Min. Maurício Godinho: “O ambiente é de crítica exacerbada e injusta à Constituição”
Para o ministro do Tribunal Superior do Trabalho (TST) e professor Maurício Godinho Delgado, o caminho direcionado ao país pela Constituição é o de uma sociedade livre, justa e solidária, baseada nos princípios humanísticos e sociais. O Estado democrático exige que economia e sociedade sejam democráticas e inclusivas. Nesse contexto, a economia mercantilista não atende às diretrizes traçadas pela Constituição de 1988. Assim se pronunciou o ministro na palestra que proferiu na última terça-feira, 23, durante a “1ª Semana Formativa de Magistrados do TRT-MG”.
Prosseguindo em seu raciocínio, o palestrante pontuou que, atualmente, há um processo de desgaste do paradigma humanista e social da Constituição brasileira. A estratégia de desprestígio constitucional foi sintetizada pelo ministro na frase de uma das maiores líderes do ultraliberalismo, Margareth Thatcher: o objetivo não é conquistar o mercado, mas a alma. “A alma das pessoas e das instituições”, completa, pesaroso.
Esse processo, de acordo com o ministro, alcançou amplo sucesso. E hoje a sociedade brasileira está em crise e desacreditada na Constituição de 88. “Até mesmo instituições, inclusive as jurídicas, que têm o dever de se reportarem à Constituição de 05/10/88, estão fraquejando na crença da Constituição. O ambiente é de crítica exacerbada e injusta à matriz constitucional de 88”, pondera, lamentando que as instituições, que deveriam ser o grande alicerce de preservação da Constituição, estejam perdendo a convicção ou permitindo que o pensamento manifestamente antissocial, ultraliberalista e manifestamente ideológico influenciem a sua atuação.

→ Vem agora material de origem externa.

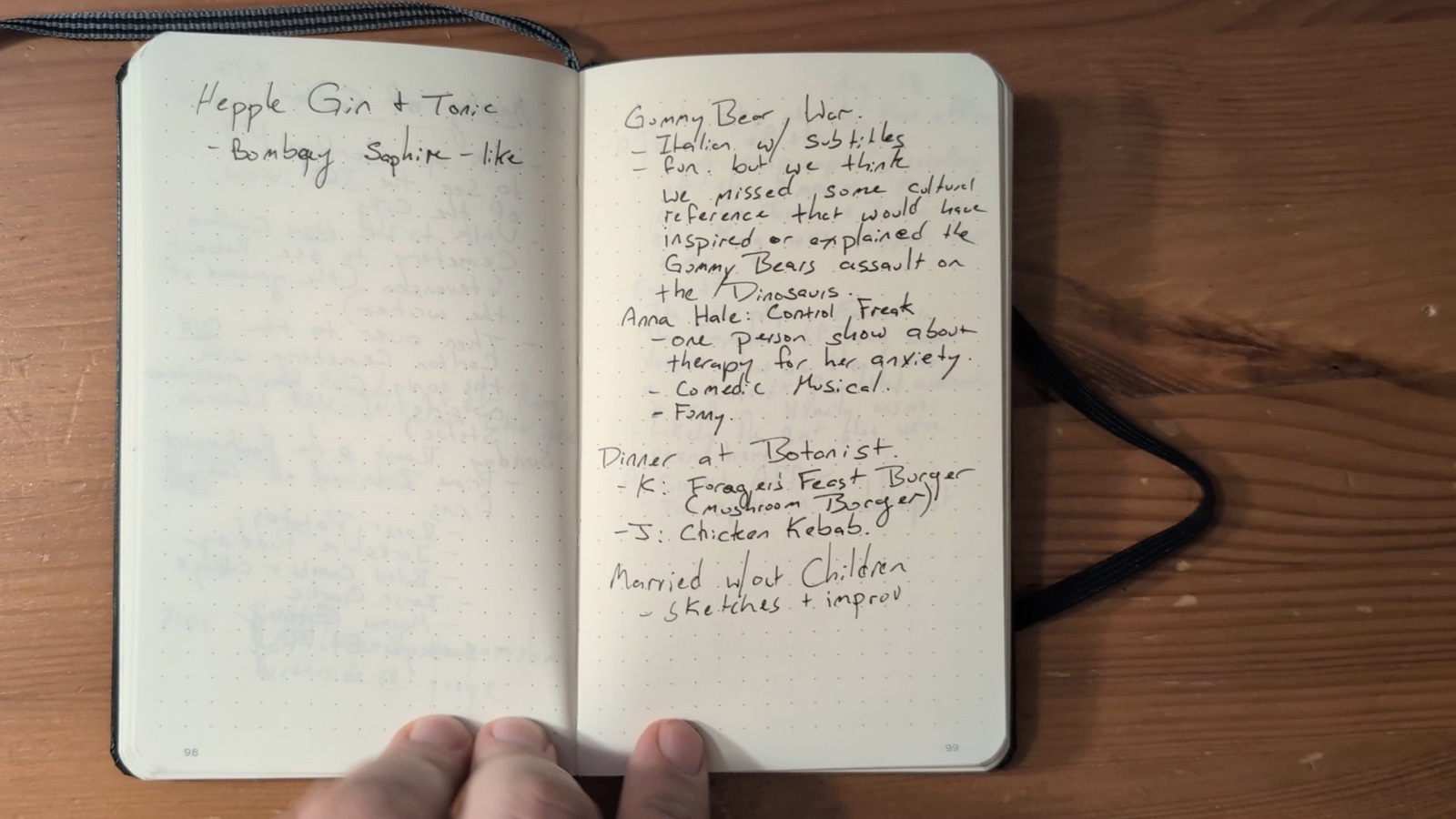 Notebook pages 98–99, August 17, 2025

Ao tocar na questão da influência das ideologias, ponto nevrálgico nos dias atuais, ele cita como exemplo as torcidas para times de futebol. Cada um tem o seu time do coração, mas nem por isso juízes se julgam suspeitos para julgar causas envolvendo seus clubes. Isso porque são magistrados e o julgamento está além do pessoal. Conforme observou o ministro, a Constituição, sabiamente, conferiu independência aos magistrados. Deu garantias fortíssimas, exatamente para que sejam independentes, equidistantes da conjuntura política e ideológica, infensos a uma influência proporcional ideológica. “Claro que nós somos humanos, somos parte da sociedade, mas temos a maturidade institucional para estarmos equidistantes dos debates ideológicos”, pontuou.

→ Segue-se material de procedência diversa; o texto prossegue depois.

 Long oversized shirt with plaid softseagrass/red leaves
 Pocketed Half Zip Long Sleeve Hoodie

Godinho lembrou Norberto Bobbio, cientista político e filósofo do direito. Para Bobbio, o que construiu a democracia no ocidente foi a descoberta, implícita ou explicita, da separação dos três grandes poderes que comandaram a História: o poder econômico, sempre preponderante; o poder ideológico, sempre muito ligado ao poder econômico; e o poder político, também sempre ligado aos dois anteriores. Mas, segundo ponderou, o processo democrático permitiu a separação dessas esferas, ainda que não a separação total, mas certa destruição dessa unidade. Assim, surgiram, por exemplo, a partir do século XIX, os sindicatos, que capturaram certa parcela de poder, modesta em comparação ao poder econômico, mas relevante. Nessa esteira, também nasceram e cresceram os partidos trabalhistas em geral, com uma agenda mais popular e de criação de direitos, fazendo um contraponto à unidade daqueles três poderes.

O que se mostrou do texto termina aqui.